SNP calls for Met Police to investigate Tory election fraud
Police forces are now investigating whether the Tories breached election spending by failing to record accommodation costs for activists

The SNP has called on the Metropolitan Police to investigate whether the Conservatives fraudulently recorded local candidate spending as part of their national expenditure.
SNP MP Pete Wishart wrote to the Met Police to call for an investigation into whether the Tories attempted to subvert the Representation of the People Act in the way they recorded their election spending.
"Currently there are some 10 police forces investigating the electoral expenditure of some 28 Conservative candidates who contested the 2015 General Election," he said in a letter disclosed to Channel 4 News.

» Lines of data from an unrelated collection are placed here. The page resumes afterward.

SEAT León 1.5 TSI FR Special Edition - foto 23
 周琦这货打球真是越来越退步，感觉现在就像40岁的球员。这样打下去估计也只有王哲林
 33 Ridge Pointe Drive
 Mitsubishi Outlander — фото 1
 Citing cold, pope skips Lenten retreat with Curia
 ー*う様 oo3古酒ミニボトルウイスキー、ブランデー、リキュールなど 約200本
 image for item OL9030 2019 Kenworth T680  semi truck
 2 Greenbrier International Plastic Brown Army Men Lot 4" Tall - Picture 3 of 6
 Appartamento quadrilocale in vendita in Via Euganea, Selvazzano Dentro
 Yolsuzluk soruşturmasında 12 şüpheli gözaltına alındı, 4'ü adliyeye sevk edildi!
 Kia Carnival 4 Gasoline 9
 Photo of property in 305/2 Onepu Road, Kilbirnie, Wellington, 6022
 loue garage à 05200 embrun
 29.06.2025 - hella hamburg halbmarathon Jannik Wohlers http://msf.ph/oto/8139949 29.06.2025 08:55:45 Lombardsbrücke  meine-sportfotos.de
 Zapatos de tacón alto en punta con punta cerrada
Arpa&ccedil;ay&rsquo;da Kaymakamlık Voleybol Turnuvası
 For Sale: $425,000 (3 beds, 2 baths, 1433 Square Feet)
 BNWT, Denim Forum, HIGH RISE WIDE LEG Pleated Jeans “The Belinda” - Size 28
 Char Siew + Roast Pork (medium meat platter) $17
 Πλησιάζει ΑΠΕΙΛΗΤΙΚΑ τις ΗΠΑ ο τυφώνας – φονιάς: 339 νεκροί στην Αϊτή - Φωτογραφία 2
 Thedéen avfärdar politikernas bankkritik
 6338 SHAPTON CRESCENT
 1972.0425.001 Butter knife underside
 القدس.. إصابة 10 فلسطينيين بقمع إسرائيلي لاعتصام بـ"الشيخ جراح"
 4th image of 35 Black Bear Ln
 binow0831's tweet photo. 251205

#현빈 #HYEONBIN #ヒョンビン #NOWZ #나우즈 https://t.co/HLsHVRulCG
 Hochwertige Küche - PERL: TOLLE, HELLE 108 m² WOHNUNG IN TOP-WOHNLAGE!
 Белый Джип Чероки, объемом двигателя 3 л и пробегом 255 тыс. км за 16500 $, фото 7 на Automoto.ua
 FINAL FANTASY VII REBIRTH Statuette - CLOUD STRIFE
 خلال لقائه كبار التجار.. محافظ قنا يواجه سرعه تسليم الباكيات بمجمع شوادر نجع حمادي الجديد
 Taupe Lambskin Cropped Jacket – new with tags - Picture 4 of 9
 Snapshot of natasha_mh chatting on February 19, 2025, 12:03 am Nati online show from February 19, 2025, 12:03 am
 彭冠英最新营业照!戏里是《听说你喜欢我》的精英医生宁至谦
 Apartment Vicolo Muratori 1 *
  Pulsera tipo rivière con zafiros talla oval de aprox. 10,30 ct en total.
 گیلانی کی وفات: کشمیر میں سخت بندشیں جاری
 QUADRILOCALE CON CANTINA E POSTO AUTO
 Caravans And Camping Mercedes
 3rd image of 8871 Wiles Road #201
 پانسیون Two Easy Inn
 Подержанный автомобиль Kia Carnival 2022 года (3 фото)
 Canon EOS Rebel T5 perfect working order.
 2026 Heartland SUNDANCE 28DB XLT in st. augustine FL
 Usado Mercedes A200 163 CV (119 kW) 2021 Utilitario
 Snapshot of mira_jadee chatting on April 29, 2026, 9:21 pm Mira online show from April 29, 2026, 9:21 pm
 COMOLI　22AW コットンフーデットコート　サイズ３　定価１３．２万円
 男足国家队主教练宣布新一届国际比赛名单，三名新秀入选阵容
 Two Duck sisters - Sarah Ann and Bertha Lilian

"Where the ongoing cases will take their legal course, the Conservative Party as a whole must be properly investigated to ascertain if there was any systematic attempt to circumvent electoral legislation defining candidate and national expenditure.
"If evidence is found of wrongdoing I am asking you to submit that evidence to the Director of Public Prosecutions."
Police forces are now investigating whether the Tories breached election spending rules by failing to record accommodation costs for bussing activists to key constituencies.
They are alleged to have recorded the costs as part of national campaign spending, rather than as part of candidates' spending.
Up to 29 Conservative candidates are thought to have benefitted from the Tory "Battlebus" campaigns.
The Conservatives said they failed to register the costs following an investigation by Channel 4, blaming an "administrative error".